The bill adds six new actions PHAs may take so that HUD may not deny a PHA's request to set a payment standard up to 120 percent of the FMR. HUD opposes this provision because HUD should have the authority to decide increases in the payment standard of the current basic range in a unit-based renewal system, since any exception payment standard and the resulting increased cost will impact the share of renewal funding for all PHAs.

While HUD would oppose S. 2684 in its present form, we commend the Committee for recognizing the need for legislative reform in the voucher program. We would note that the bill does contain a number of provisions that we support. For example, S. 2684 establishes an administrative fee formula that is based on units under lease as opposed to fixed amount regardless of the PHA's utilization rate. HUD also believes the concept of making funding for FSS coordinators part of the regular administrative fees for the program would be very beneficial to the self-sufficiency efforts under the voucher program. The bill would also allow PHAs to implement the voucher homeownership downpayment grant option using its existing resources, thereby increasing homeownership opportunities for voucher participants. And as stated earlier, the bill would reduce the frequency of required inspections, freeing PHAs to concentrate their resources to focus on the more marginal units in their voucher program.

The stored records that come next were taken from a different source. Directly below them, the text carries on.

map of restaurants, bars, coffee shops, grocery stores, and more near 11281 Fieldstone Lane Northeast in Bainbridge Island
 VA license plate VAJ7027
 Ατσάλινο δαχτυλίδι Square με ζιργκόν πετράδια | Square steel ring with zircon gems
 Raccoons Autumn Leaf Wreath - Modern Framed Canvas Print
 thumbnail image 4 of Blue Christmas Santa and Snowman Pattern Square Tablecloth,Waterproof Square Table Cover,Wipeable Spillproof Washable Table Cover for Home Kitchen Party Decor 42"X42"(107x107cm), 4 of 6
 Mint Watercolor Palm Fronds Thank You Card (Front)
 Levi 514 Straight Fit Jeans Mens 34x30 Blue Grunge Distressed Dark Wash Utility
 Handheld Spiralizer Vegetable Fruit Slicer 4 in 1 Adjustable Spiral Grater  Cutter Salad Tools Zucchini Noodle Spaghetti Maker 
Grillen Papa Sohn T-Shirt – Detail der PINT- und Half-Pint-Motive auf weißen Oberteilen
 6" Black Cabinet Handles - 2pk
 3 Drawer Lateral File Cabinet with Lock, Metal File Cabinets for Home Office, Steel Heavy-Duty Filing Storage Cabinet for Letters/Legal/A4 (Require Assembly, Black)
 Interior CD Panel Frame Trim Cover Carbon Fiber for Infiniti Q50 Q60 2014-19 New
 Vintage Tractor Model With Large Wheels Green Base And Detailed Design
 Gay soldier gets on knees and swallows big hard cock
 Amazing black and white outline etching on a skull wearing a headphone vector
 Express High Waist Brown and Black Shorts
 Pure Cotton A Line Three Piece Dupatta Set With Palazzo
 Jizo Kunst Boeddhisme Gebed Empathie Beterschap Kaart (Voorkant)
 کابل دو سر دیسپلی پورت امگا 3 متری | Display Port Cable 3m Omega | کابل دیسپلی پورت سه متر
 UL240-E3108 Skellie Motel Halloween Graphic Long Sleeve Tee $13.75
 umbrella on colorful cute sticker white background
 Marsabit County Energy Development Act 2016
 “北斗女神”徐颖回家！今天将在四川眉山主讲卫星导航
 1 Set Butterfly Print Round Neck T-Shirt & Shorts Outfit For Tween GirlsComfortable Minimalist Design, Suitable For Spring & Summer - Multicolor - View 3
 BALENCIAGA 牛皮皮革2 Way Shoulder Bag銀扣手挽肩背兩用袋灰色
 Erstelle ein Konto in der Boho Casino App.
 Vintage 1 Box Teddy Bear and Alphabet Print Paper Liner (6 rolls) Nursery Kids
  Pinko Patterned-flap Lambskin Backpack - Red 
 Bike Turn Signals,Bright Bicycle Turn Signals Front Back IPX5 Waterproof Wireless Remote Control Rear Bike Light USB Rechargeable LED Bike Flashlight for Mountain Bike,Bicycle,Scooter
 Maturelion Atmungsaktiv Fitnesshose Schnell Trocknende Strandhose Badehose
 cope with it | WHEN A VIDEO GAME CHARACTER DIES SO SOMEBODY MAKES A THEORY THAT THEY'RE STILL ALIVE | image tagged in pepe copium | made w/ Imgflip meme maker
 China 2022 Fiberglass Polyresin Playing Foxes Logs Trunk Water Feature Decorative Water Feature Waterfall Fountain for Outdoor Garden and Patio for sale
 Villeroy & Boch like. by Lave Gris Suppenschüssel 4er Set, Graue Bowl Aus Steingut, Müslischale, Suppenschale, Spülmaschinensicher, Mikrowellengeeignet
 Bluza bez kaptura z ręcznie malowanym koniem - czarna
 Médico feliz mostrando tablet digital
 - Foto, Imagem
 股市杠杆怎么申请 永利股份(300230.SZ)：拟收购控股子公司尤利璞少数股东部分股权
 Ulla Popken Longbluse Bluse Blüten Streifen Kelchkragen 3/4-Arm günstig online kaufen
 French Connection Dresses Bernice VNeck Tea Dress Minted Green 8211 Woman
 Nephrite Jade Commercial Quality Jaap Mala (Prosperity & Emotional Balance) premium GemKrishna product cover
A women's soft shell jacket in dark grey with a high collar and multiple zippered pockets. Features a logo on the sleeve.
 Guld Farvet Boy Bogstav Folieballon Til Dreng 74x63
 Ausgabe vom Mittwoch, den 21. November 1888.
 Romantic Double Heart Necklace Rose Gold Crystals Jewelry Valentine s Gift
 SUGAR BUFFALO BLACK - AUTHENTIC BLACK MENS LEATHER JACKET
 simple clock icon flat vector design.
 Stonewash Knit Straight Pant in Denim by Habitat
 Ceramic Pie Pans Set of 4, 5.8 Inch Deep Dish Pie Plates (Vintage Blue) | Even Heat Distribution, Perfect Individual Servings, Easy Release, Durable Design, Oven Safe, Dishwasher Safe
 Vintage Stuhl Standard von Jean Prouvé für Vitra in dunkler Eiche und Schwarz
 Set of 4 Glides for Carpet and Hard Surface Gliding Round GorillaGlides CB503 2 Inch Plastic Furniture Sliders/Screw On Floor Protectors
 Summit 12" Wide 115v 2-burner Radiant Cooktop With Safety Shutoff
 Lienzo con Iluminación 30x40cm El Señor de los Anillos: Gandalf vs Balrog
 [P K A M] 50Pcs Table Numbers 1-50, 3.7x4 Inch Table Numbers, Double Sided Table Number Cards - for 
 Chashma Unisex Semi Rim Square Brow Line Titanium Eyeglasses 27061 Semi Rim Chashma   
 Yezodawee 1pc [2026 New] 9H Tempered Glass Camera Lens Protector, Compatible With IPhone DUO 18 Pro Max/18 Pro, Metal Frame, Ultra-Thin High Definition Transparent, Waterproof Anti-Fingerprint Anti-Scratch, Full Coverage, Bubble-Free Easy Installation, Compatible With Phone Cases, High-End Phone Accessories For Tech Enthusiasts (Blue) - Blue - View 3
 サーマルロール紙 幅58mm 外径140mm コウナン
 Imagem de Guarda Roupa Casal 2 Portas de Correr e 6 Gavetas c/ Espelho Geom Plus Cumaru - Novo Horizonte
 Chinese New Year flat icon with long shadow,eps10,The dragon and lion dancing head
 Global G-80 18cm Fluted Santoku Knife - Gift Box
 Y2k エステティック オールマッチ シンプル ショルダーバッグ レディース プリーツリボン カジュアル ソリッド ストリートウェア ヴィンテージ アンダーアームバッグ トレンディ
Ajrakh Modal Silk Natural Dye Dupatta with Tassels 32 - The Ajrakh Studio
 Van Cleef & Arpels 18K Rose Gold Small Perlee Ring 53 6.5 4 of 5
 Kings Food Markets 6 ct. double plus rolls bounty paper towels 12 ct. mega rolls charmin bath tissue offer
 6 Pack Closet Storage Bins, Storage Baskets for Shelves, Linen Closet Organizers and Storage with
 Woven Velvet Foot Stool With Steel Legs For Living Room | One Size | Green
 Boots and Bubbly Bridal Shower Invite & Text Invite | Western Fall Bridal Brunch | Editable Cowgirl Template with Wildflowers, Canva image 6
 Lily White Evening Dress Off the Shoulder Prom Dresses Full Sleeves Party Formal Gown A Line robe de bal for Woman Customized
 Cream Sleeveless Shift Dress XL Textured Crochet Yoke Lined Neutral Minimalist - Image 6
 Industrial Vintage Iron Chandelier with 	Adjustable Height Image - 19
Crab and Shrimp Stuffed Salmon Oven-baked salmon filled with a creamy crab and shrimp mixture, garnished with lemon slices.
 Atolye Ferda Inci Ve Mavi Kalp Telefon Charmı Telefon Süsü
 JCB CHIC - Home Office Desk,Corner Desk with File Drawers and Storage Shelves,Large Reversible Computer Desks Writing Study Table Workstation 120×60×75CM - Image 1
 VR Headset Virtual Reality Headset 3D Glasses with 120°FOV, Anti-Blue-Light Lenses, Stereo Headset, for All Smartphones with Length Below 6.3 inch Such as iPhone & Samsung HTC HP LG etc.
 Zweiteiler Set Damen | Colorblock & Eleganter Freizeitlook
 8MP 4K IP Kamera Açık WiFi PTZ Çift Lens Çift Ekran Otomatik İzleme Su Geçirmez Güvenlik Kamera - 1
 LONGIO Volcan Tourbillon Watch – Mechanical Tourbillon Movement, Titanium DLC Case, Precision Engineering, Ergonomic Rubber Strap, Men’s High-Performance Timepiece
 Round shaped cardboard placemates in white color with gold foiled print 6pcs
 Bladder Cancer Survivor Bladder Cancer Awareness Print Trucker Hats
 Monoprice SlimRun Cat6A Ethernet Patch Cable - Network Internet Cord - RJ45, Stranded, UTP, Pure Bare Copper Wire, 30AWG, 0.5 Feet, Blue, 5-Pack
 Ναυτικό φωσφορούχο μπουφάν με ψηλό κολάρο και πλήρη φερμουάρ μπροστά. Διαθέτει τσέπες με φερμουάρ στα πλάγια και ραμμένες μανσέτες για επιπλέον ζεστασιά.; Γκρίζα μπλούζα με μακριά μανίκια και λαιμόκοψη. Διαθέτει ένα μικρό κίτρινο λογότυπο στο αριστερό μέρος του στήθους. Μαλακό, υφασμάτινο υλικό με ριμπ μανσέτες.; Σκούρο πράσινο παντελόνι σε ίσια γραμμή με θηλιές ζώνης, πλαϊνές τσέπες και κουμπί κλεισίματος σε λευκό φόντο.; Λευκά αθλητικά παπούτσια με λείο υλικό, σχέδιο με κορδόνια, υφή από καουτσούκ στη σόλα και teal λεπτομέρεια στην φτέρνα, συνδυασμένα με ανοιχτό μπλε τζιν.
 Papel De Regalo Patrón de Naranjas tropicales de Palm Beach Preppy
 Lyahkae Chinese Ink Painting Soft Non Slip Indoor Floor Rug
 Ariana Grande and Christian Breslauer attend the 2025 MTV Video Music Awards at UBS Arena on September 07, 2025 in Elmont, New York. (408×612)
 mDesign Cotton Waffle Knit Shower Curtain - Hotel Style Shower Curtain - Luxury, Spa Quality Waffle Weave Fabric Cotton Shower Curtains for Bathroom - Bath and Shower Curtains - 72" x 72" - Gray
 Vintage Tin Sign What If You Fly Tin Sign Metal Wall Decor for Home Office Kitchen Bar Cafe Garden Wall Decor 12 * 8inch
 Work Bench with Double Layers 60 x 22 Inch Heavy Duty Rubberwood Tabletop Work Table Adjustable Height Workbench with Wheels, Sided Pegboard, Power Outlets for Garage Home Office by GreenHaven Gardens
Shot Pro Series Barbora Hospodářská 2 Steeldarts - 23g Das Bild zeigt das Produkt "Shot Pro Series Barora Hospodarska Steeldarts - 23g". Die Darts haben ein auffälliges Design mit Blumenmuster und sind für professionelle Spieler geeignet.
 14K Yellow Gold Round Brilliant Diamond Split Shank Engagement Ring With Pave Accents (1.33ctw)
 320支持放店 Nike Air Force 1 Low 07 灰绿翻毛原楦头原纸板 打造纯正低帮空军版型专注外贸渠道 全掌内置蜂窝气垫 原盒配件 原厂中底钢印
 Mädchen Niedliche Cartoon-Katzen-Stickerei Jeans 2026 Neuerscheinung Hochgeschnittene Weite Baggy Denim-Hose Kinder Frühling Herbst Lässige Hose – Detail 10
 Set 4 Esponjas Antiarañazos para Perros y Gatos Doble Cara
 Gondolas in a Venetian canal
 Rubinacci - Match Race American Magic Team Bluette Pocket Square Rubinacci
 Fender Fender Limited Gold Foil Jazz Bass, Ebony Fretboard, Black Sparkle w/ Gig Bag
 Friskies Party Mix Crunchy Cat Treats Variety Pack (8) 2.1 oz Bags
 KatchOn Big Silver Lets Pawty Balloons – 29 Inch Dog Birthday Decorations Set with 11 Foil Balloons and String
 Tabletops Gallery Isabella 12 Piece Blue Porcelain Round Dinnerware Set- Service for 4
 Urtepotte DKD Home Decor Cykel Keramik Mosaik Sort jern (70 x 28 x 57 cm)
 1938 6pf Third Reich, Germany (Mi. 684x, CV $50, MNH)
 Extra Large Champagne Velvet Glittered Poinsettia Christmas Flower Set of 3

In conclusion, we reiterate that VRSA would simplify the rent requirements for public housing and reforms the section 8 voucher assistance program. By removing the caps on authorized units, the legislation allows more low-income families in need of housing assistance to be served, fosters the deconcentration of poverty, and promotes more efficient service delivery. It also increases PHA flexibility by providing a stable, predictable budget-based renewal funding formula, encourages PHAs to spend their balances effectively and eliminates the administratively arcane and burdensome rent determination formulas. VRSA authorizes HUD to initially allocate administrative fees to each PHA that administers a housing voucher program based on the number of families assisted and makes provision for a future formula derived from research data. VRSA provides PHAs with the necessary flexibility over tenant rents to address the needs and priorities of their communities, increases the incentives to work for able adults, and helps eliminate improper payments that occur due to difficulties to determining the proper rent.

We look forward to working with Congress to develop comprehensive reforms for the Section 8 Voucher Program as the legislative process moves forward. Again, thank you for this opportunity to share our views and concerns on S. 2684.